# Exercise objective
Every line from the one with "nampan plastik kotak penyimpanan/nampan" to the end of the data needs to be copied exactly, and no line before it.

[Collection entries]
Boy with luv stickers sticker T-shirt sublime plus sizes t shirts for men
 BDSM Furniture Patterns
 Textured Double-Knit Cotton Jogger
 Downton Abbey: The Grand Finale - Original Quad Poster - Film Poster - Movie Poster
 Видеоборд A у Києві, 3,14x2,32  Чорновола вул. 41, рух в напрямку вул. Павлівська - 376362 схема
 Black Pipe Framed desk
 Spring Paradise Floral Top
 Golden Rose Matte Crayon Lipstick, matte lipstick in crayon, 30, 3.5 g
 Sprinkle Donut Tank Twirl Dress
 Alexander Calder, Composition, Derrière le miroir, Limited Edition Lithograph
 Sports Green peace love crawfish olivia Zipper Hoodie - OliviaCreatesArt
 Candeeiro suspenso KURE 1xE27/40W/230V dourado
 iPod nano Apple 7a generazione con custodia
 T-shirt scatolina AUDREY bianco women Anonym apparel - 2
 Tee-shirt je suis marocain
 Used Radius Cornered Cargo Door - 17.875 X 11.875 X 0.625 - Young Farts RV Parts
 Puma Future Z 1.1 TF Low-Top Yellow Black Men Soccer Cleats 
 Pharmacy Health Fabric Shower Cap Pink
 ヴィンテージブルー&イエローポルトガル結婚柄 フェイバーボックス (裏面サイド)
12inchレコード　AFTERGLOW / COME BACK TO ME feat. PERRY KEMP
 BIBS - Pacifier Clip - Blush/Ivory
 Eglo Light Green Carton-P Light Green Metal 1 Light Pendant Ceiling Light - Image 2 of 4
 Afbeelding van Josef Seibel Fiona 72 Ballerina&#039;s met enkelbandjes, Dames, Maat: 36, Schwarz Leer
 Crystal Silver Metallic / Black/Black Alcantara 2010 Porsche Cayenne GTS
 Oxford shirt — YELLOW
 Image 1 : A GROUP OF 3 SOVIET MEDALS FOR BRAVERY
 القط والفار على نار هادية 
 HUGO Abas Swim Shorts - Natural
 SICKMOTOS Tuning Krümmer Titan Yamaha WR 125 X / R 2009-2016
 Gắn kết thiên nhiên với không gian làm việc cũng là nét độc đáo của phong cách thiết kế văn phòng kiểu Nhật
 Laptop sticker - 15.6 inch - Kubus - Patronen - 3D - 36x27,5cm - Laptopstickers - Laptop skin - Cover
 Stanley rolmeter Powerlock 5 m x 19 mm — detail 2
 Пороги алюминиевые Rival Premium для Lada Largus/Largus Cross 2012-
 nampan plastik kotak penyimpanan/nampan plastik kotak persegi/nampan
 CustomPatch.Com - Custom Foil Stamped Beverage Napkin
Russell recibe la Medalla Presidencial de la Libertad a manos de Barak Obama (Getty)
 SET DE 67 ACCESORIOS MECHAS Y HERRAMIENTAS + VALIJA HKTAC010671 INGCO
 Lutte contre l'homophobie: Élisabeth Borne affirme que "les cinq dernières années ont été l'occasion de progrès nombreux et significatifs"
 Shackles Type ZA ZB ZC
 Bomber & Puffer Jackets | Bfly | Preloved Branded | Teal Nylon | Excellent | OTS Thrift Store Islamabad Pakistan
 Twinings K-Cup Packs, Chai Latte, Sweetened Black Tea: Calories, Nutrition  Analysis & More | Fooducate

# Result of the exercise
 nampan plastik kotak penyimpanan/nampan plastik kotak persegi/nampan
 CustomPatch.Com - Custom Foil Stamped Beverage Napkin
Russell recibe la Medalla Presidencial de la Libertad a manos de Barak Obama (Getty)
 SET DE 67 ACCESORIOS MECHAS Y HERRAMIENTAS + VALIJA HKTAC010671 INGCO
 Lutte contre l'homophobie: Élisabeth Borne affirme que "les cinq dernières années ont été l'occasion de progrès nombreux et significatifs"
 Shackles Type ZA ZB ZC
 Bomber & Puffer Jackets | Bfly | Preloved Branded | Teal Nylon | Excellent | OTS Thrift Store Islamabad Pakistan
 Twinings K-Cup Packs, Chai Latte, Sweetened Black Tea: Calories, Nutrition  Analysis & More | Fooducate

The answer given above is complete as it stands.